I have not watched the video, so I can’t say with certainty if I would remember anything the woman said or the amazing feats PETA performed last year. The whole stripping off your clothes bit is perhaps a smidgen distracting to most.
PETA is known for this stuff, I know. But it’s frustrating, nonetheless. PETA uses the bodies of women to sell a product. Sex sells. There is nothing wrong with loving your body. There is nothing immoral about nudity. Sex can make for a wonderful, powerful connection between people. So I’m not coming from an angle of “prudishness” (which is what PETA often accuses its naysayers of being, weird). I’m not coming from a perspective of denying women (or anyone) the right to dress how they want.
I’m coming from the perspective that if you want to advocate liberation for nonhuman animals, perhaps you should avoid exploiting human females. That many of these women are conned into their own self-exploitation is heart-breaking and sad.

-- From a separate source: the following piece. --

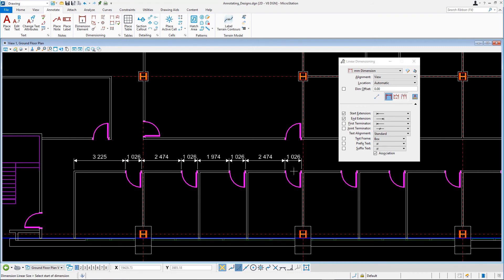Here's a hint. The other two icons in the Tool settings, Linear Stacked and Linear Single, let you dimension the linear distance from an origin while placing the dimensions stacked or inline.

For me, I think of the billions of farmed animals in the United States alone. On dairy farms, nine million cows will be artificially inseminated this year. They are, in essence, raped – denied the right to mate with a bull of their choice. They are denied motherhood, their babies stripped from them the day of birth. Their sole worth is in their bodies’ excretions, their milk. On egg farms, 400 million hens languish in cages or crammed into sheds. Their value is in their eggs, leeching calcium and life from them every day. On chicken farms, 9.3 billion birds – male and female – will be raised and slaughtered this year. Their value is in their body parts, their legs, thighs, and backs. They are sold by the pound. Producers will look at the 33 million cattle being fattened for slaughter and compartmentalize them into choice cuts, select body parts.
The list of horrifying things we do to nonhuman animals is long. How can we possibly change behavior, encourage compassion, suggest veganism when organizations within this movement perpetuate the notion that female humans are body parts? They are breasts and butts and thighs and smooth stomachs. They are, according to PETA, not fat or male or transgender or pimpled or seemingly flawed. They are young, nubile, firm, appealing based on nothing more than their flesh. Why do they care about nonhumans? Why do they want to help farmed animals or fur-bearing animals? What are their interests, their loves, desires, hopes and aspirations? What are their failures, mistakes?
We don’t ever know.
I want people to care about cattle and goats because they are socially fascinating, emotionally driven creatures. I want people to care about foxes and mink because they can suffer. I want people to care about turkeys and chickens because they sing songs, trill and cluck out a language. I want people to care about nonhuman animals because they are unique individuals with personalities, sentience, emotions, intelligence. I don’t feel people can care about the suffering and exploitation of nonhuman animals when an “animal rights” organization objectifies and exploits the bodies of human females.